In the real world after all, one has first to rent a set of walls before worrying about the paintings to put on them. And yet, the Funding Question throws up the stark reality that the recession had probably started decades ago for most Arts workers. Amateur hobbyists have decimated the lower echelons of practising artists. (It doesn’t take much to become a ‘photographer’ these days. A clever smartphone is a good start and with many a prosumer camera, too many professional photographers are already outclassed by their clients – at least in the equipment stakes.) Likewise, the democratisation of the Arts dissolves the borders between struggling artists and keen hobbyists. For every successful artist there are tens of thousands who will never be, who mortgage their lives to their dreams: actors looking for the role, artists toiling on their ‘masterpiece’ with the last light of ruined eyes… they have mastered their art, but they will never quite comprehend the brutal economics of the captured audience. And through all that, the Arts must struggle with the reputation of being the Welfare Basket Case of modern society. The ultimately useless sibling of the Crafts.

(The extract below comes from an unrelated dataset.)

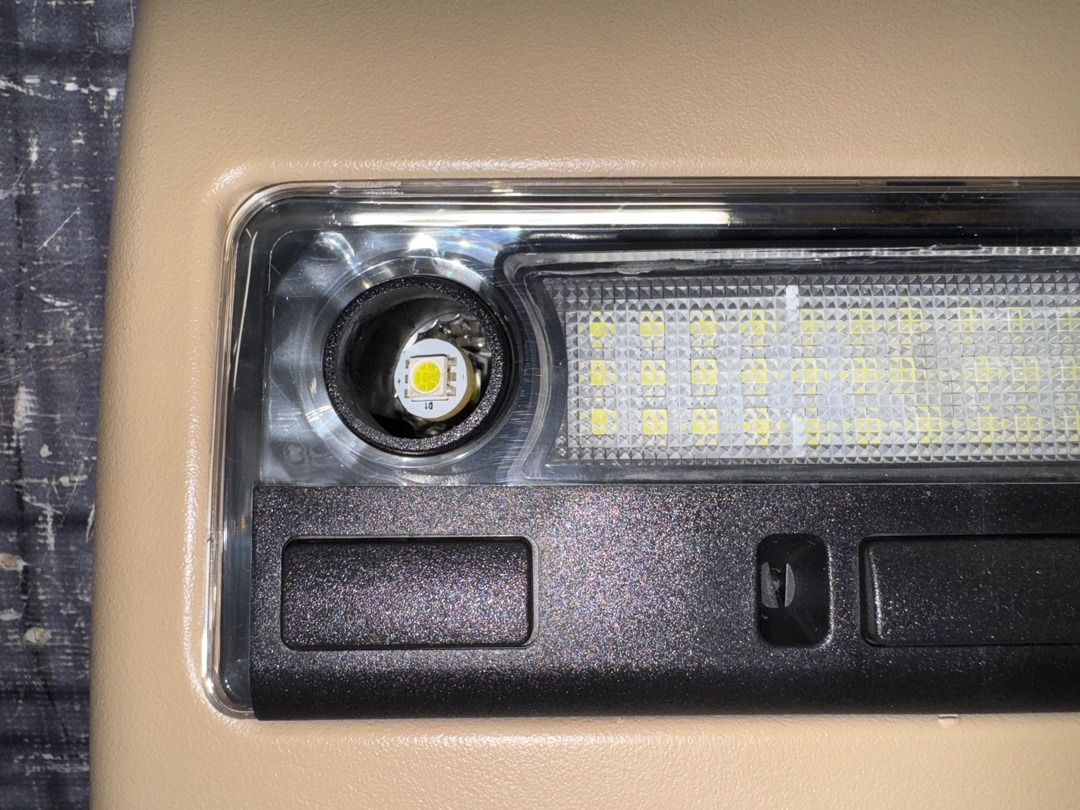 Плафон салона, 1870 рублей, Красноярск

Yet, anyone who has seen ancient art that has mesmerised audiences for centuries, perhaps a Benin, or Ife bronze, or the thousand-year old roped pot from Igbo-Ukwu (pictured above), will understand what aspects of our civilisation will ultimately endure. Such a one will recognise the irrelevance of politicians and financiers over timeless art. They will also realise the mountains of chaff that have to be negotiated to find truly sublime work. Work that will survive textbooks by contemporary zealots of style. Styles that will grow out of fashion even before we are cold in our graves. Graves that will yield their treasures in millennia to come, when when our technology will be housed in the Museum of the Primitives while the best of our art will draw the same gasps of awe that they draw today.

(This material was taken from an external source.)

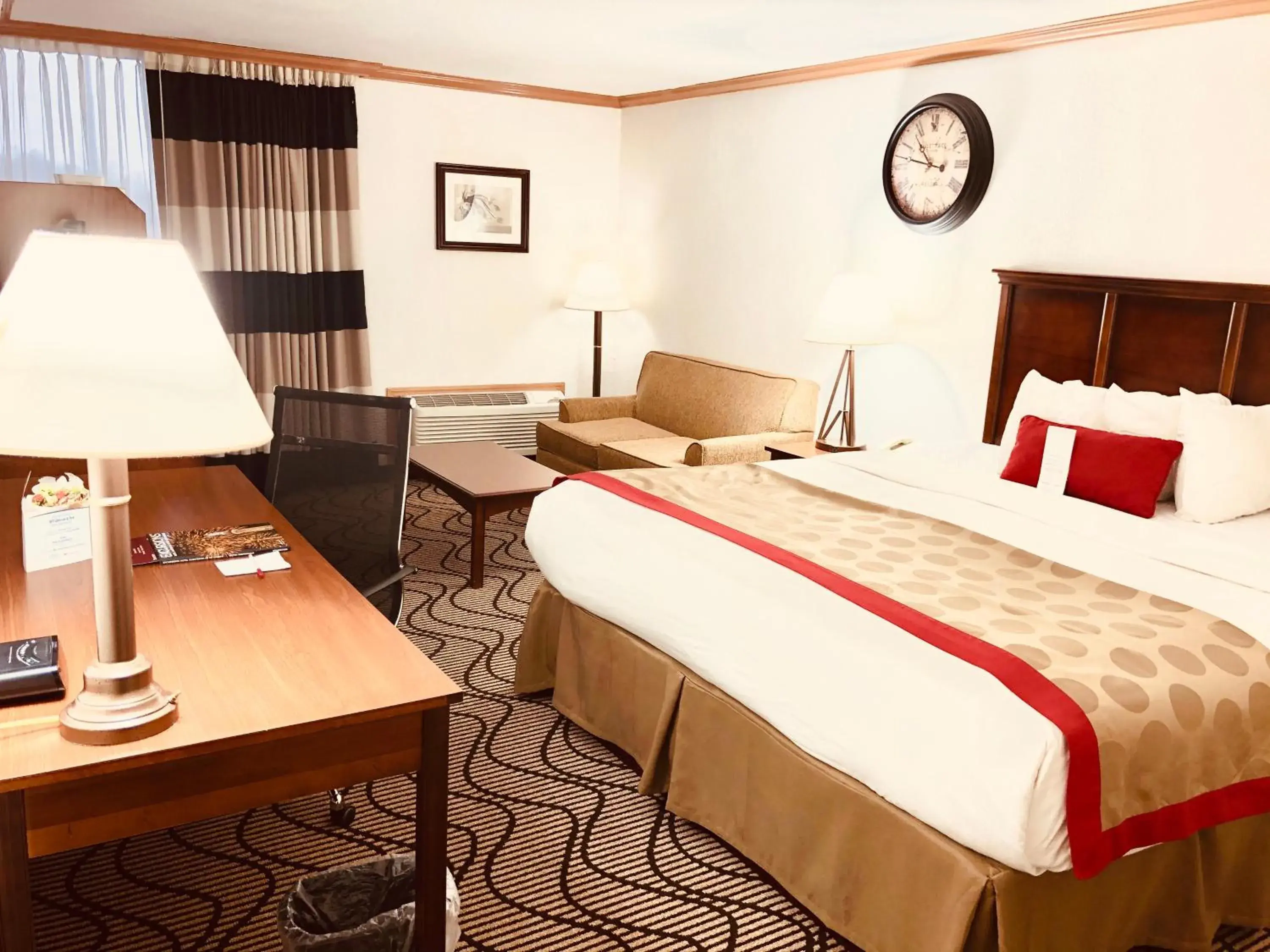 Bed in Ramada by Wyndham Birmingham Airport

Yet the Arts face a greater threat than recession. They face competition from the most unlikely theatre, for instruments of war are increasingly becoming icons of art. Anyone who has ever visited a war museum will confess to the sinister compulsion to stare at those spiked cudgels, those skull-cracker tools from pre-history, those pangas from Rwanda, muskets from France… From Western defence shows to phallic missiles trundling down Pyongyang’s applauding streets, from naval reviews showing off state-of-the-‘art’ nuclear submarines to military brass bands performing with the panache of circus artists… Because military designers know that ultimately, it is the public who will pay for their toys. They know that it is the public who, with their ballot-boxes, decide where they want to get their Art from: a new season of sultry theatre, or the next round of sexy nuclear submarines. Enter the modern Air Show. This year, the 3-4 day party on the Bournemouth beaches was a wash-out… a wet English weekend took care of that, but last year the likes of a Bono concert would have been shamed by the tens of thousands that mobbed the Bournemouth Air show, oohing and aahing at athletic aircraft that smoked, streaked and boomed across the skies. What performance art could top the wing-walkers… the beautiful Red Arrows streaming coloured smoke, the Hurricanes, the Spitfires, the steely grey Eurofighter Typhoon thundering past…

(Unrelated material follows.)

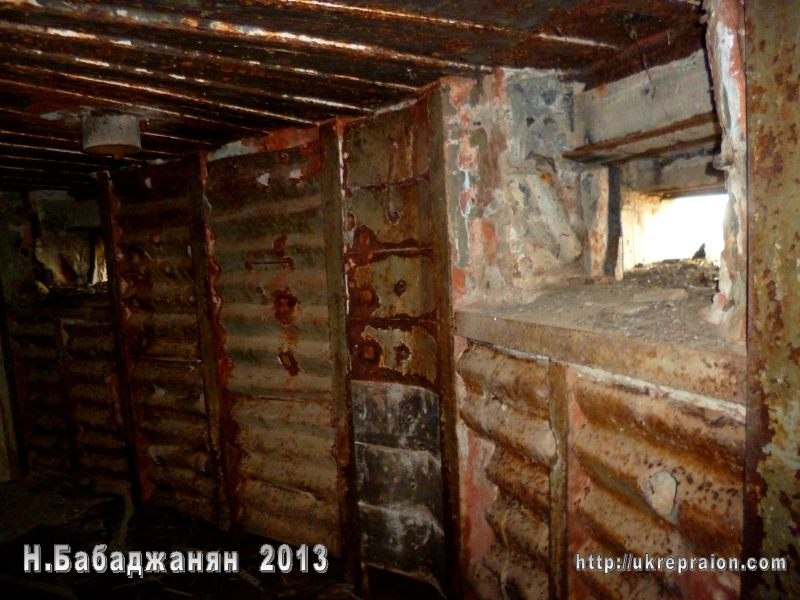 Неповреждённые внутренние стены казематов АНП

It is probably nothing more than sour grapes from a cavilling artist, this awareness that on a different beach and a different place, the crowds would also be screaming, but not with joy. And that the special-effects smoke from the aircraft would be unnecessary for all the pall and mushroom clouds supplied by actual bombs. The awareness that even this glorious rendition of sublime artistry in the skies was nothing but a practice run for war.